== Problem ==
The answer must consist only of the lines in the records below from the line with "Twin/Full/Queen Size Bed" to the line with "MALA COM BORDADO DESIGUAL MULHER PRETA", both included, copied word for word with every picture left out.

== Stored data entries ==
┏━━
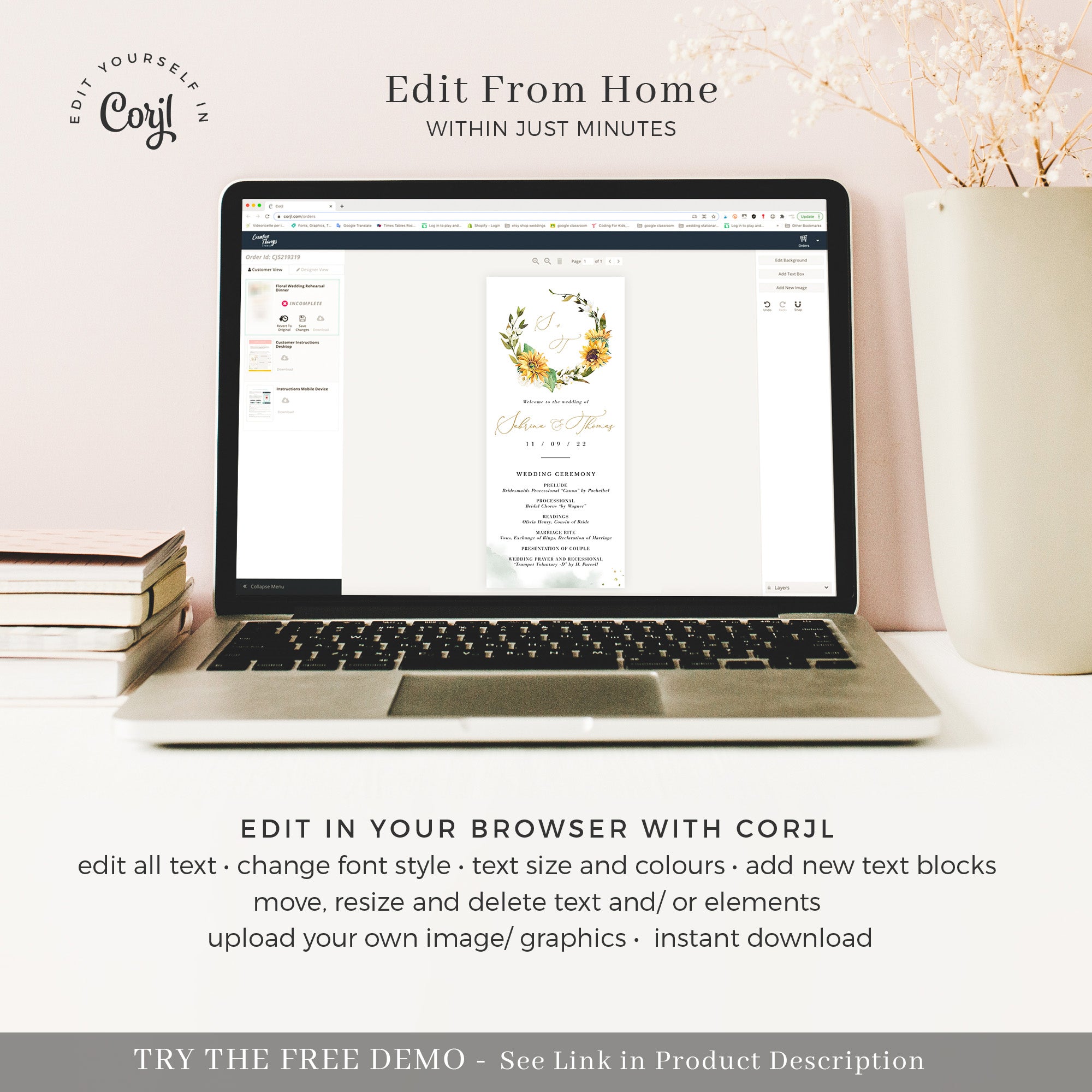 Marisol | Sunflowers Wedding Program Template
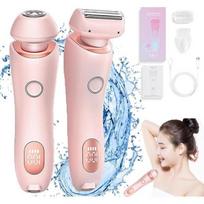Dusco Official Razor 3 in 1 Blades Women's Electric Portable Waterproof 2 Razors, Pink gray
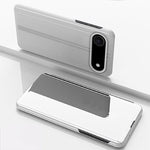 Ốp điện thoại da gập ngang gương mạ điện có giá đỡ, dành cho iPhone 17e / 16e, iPhone 17 Pro Max, iPhone 17 Pro, iPhone 17, iPhone Air, iPhone 16 Pro Max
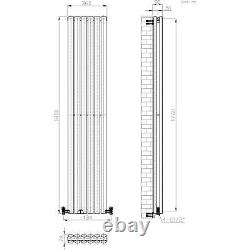 White Vertical Oval Column Radiator Double Panel Designer Heater 1800 x 360 mm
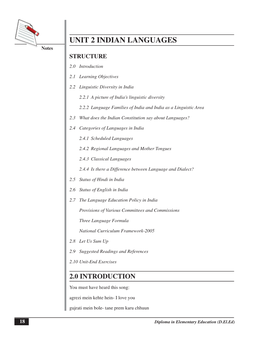 UNIT 2 INDIAN LANGUAGES Notes STRUCTURE 2.0 Introduction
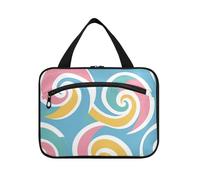 Astratto Colorful Spirale Forma Bold Lines appeso grande appeso viaggio borsa da toilette con gancio, designer carino borsa da toilette impermeabile per gli elementi essenziali di viaggio per le donne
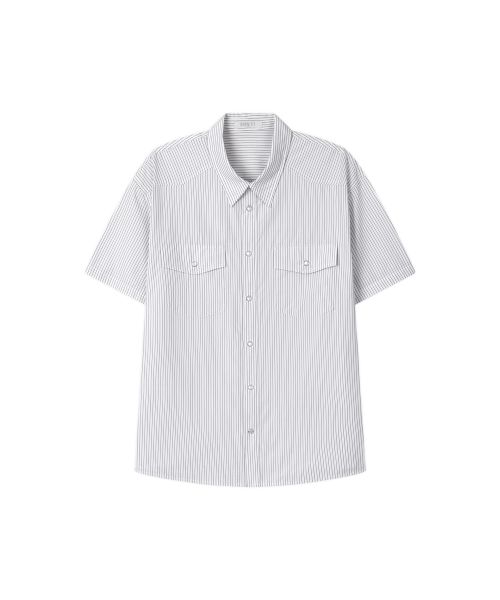 Cheap DRAW FIT Sagan Stripe Half Western Shirt [White] DFSH6204WH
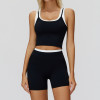 Contrast Trim Crop Tank & Biker Shorts Set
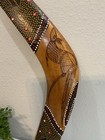 Vtg Folk Art Hand Painted Wood Boomerang Australian Aboriginal Kangaroo 14   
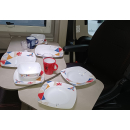 Farbenfrohes Geschirrset CLEVER VANS 12-tlg - eckig - mit Stapelbox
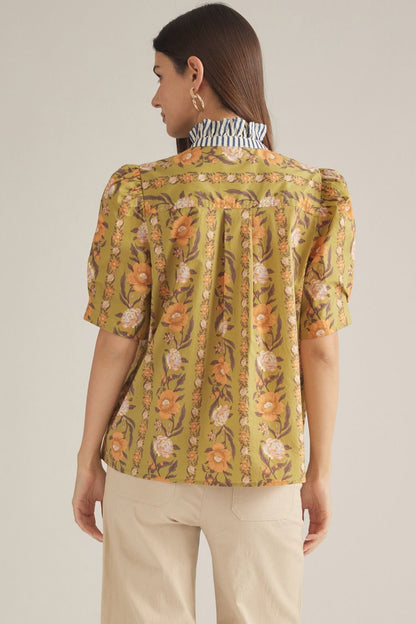 Emerson Stripe Collared Top in Olive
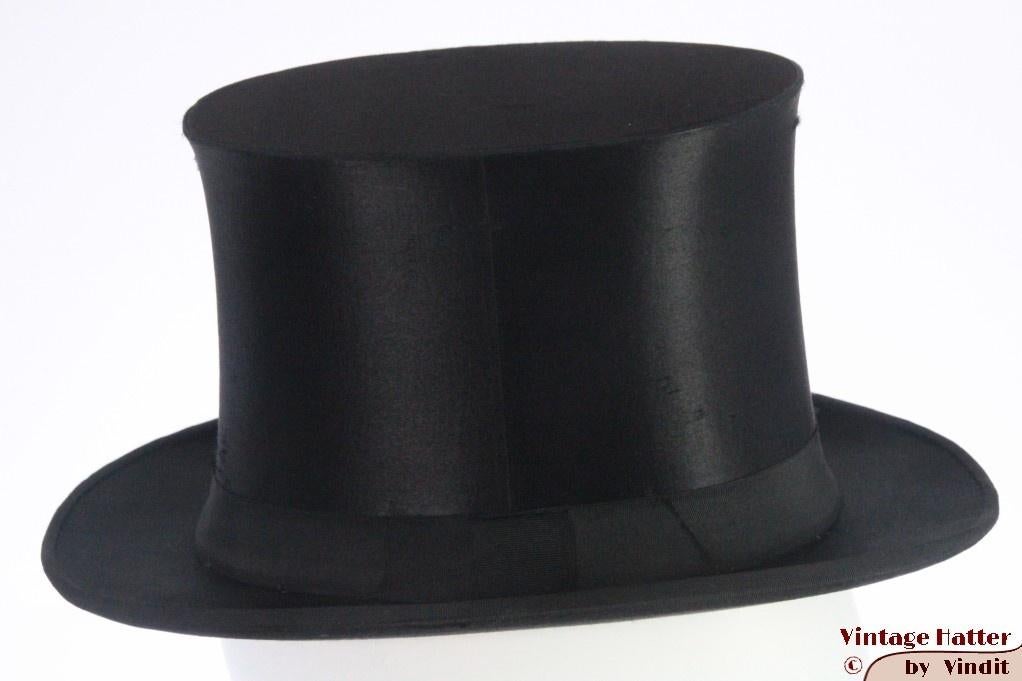 opera hoge hoed Patent zwart zijde 54 = XS Chapeau Claque, Ophalen of Verzenden, Gebruikt, Handschoenen, Hoed of Pet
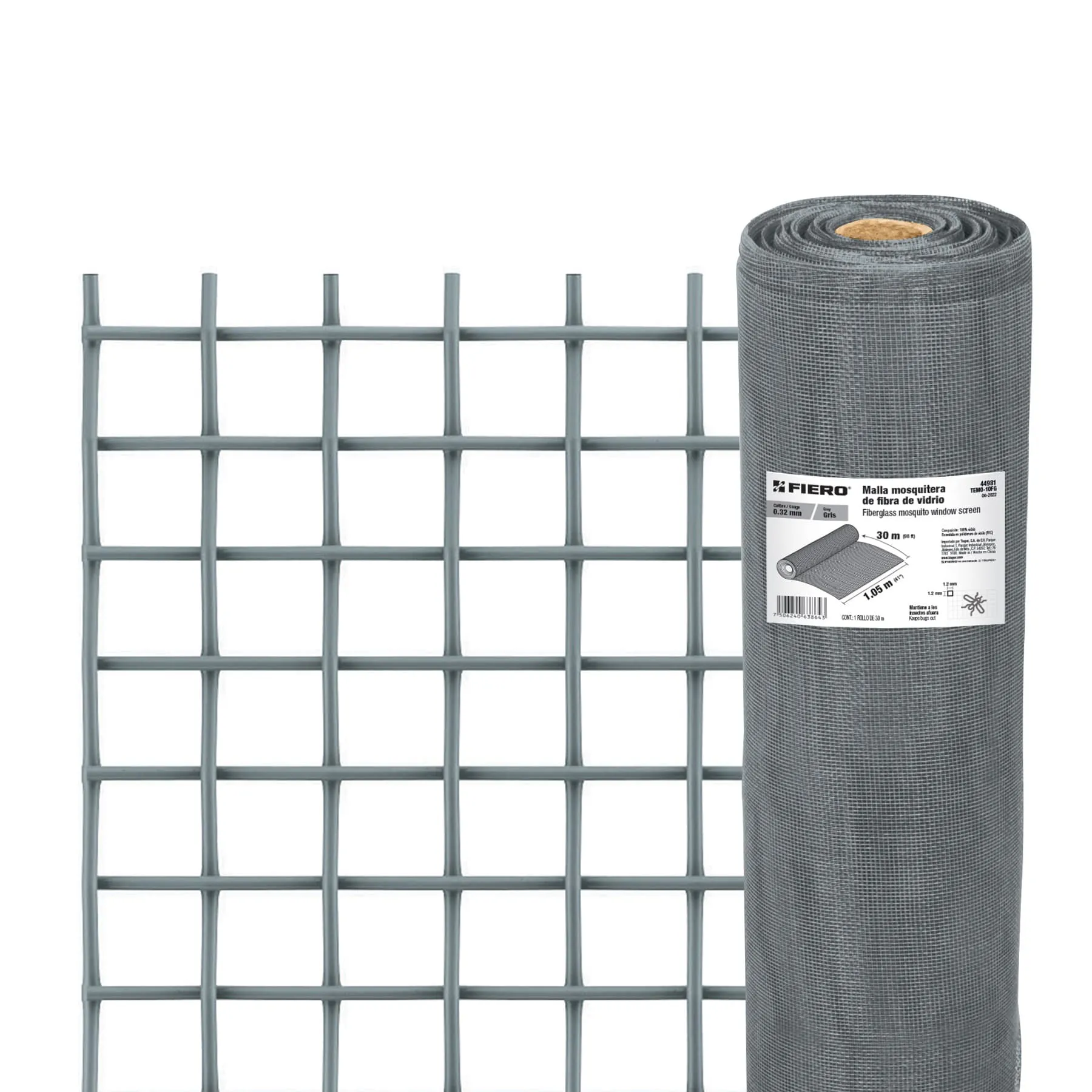 Rollo de 30 m x 1.05 m malla mosquitera fibra de vidrio gris, Foto 1 Tienda en línea de herramientas Truper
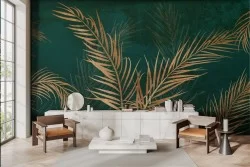Refined Nature Gold Leaves Wallpaper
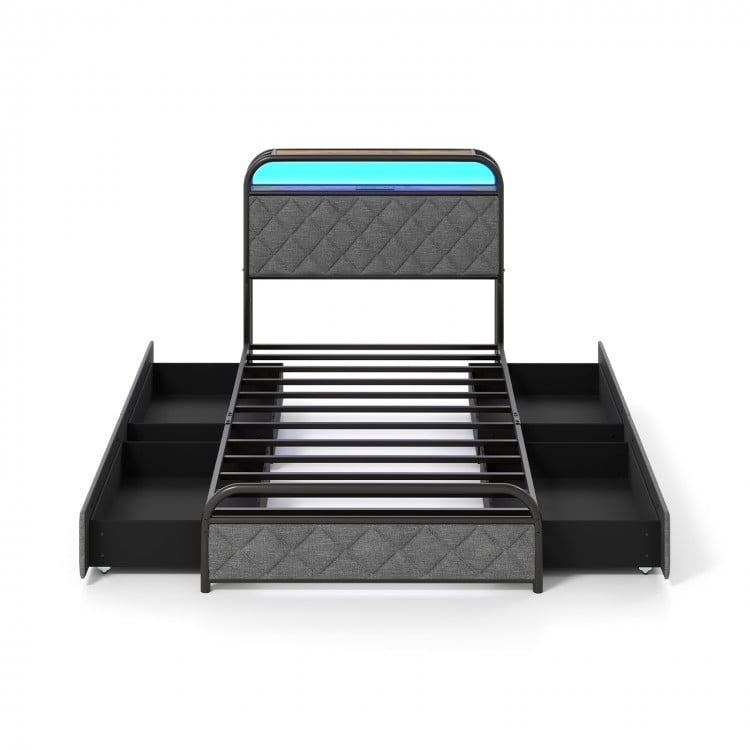 Twin/Full/Queen Size Bed Frame with LED Lights and Charging Station-Twin Size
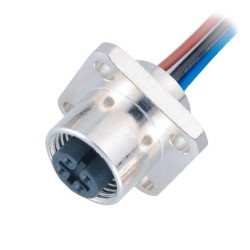 10pcs M12 4Pin Panel Connector Female A-Code Flange Type Panel Connector With Wires 1M CNC Screw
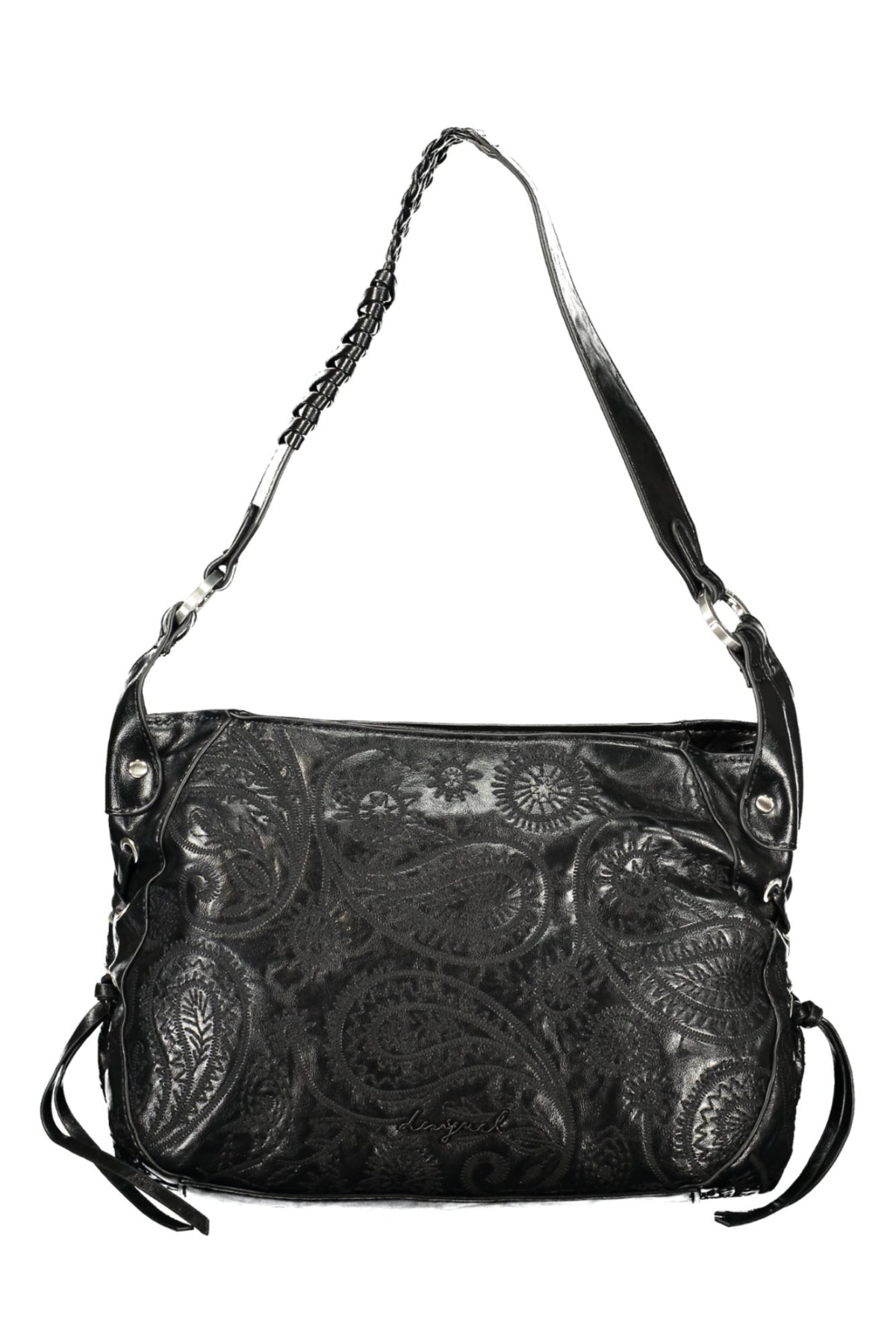 MALA COM BORDADO DESIGUAL MULHER PRETA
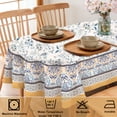 thumbnail image 6 of Blue Yellow Floral Pattern Dishes Tablecloth, French Country Table Cloth, Vintage Tablecover for Oval Tables 60x84 inch, Perfect for Kitchen Dinner Restaurant Holiday Picnic Party Table Cover, 6 of 8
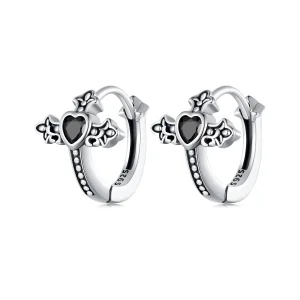 (bilde for) Pandora Style Cross Hoop øredobber - SCE1642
┗━━
== Problem solution ==
 Twin/Full/Queen Size Bed Frame with LED Lights and Charging Station-Twin Size
 10pcs M12 4Pin Panel Connector Female A-Code Flange Type Panel Connector With Wires 1M CNC Screw
 MALA COM BORDADO DESIGUAL MULHER PRETA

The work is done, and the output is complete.